**Aim of the task:** Your copy of the listing must be exact and must hold no images.

START Source data

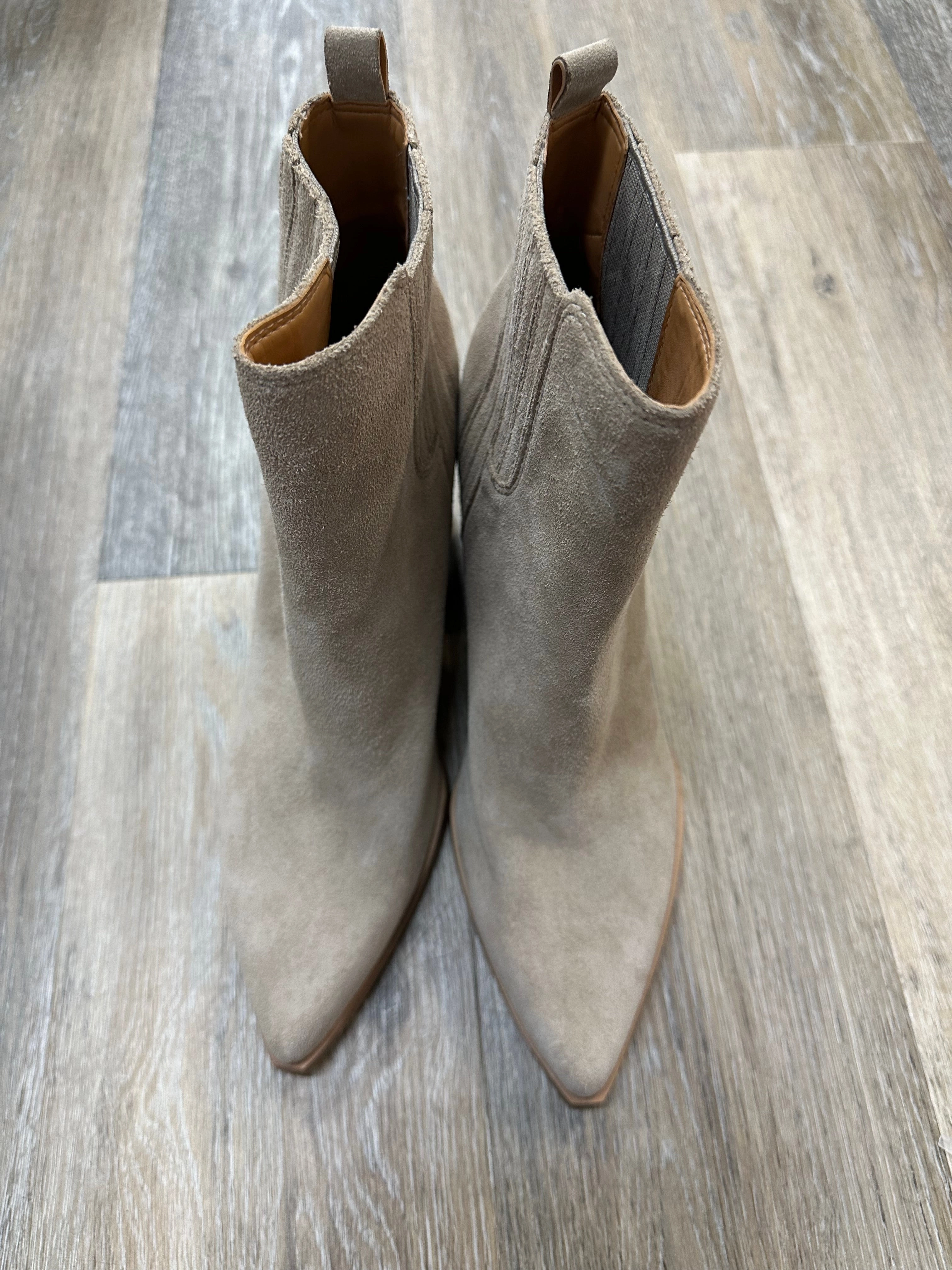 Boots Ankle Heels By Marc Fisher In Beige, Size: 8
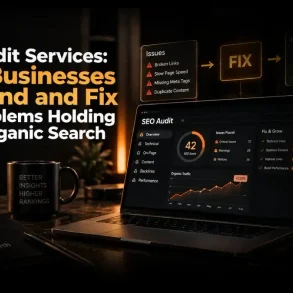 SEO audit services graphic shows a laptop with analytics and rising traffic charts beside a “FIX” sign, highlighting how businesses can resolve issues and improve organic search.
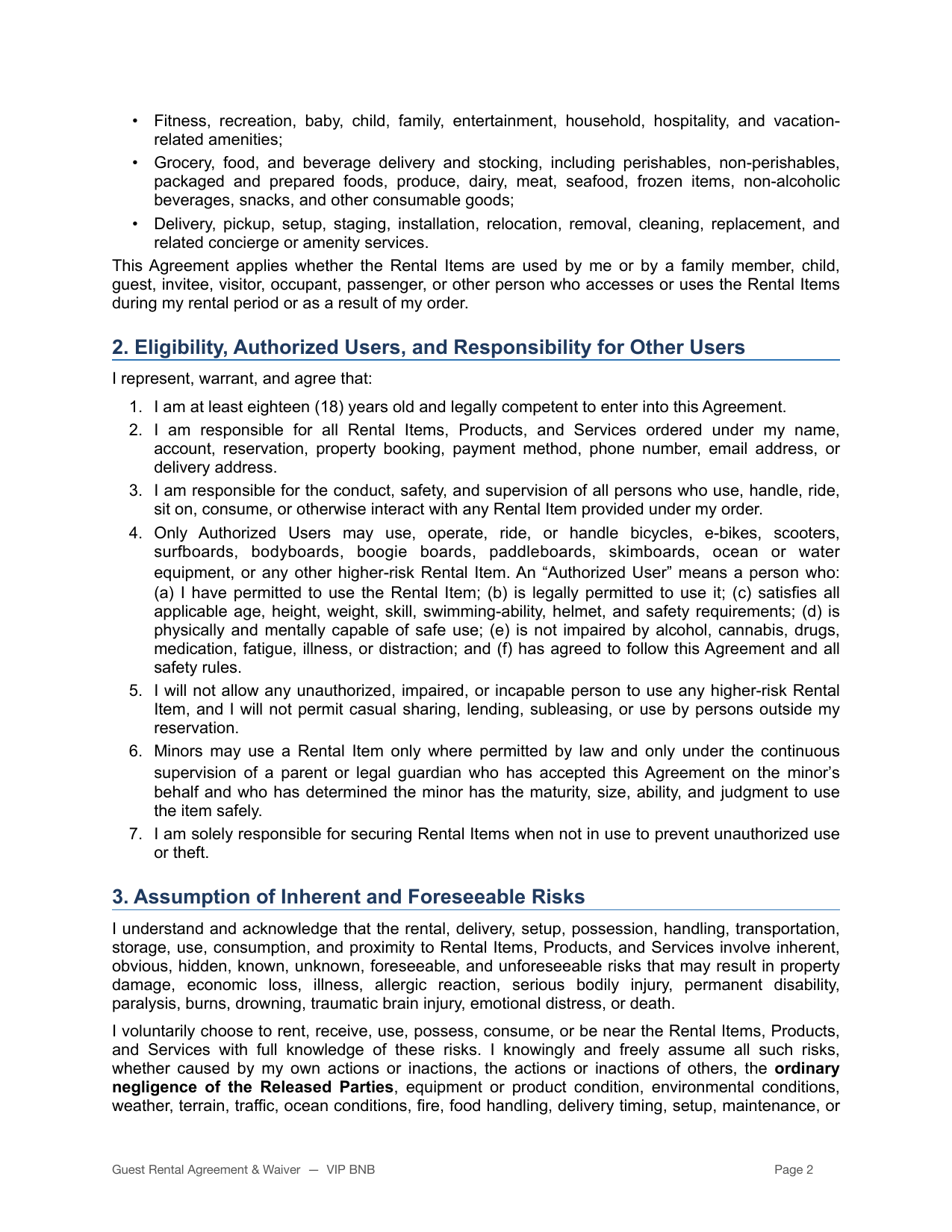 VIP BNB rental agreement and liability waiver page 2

END Source data

**Your solution:**
 Boots Ankle Heels By Marc Fisher In Beige, Size: 8
 SEO audit services graphic shows a laptop with analytics and rising traffic charts beside a “FIX” sign, highlighting how businesses can resolve issues and improve organic search.
 VIP BNB rental agreement and liability waiver page 2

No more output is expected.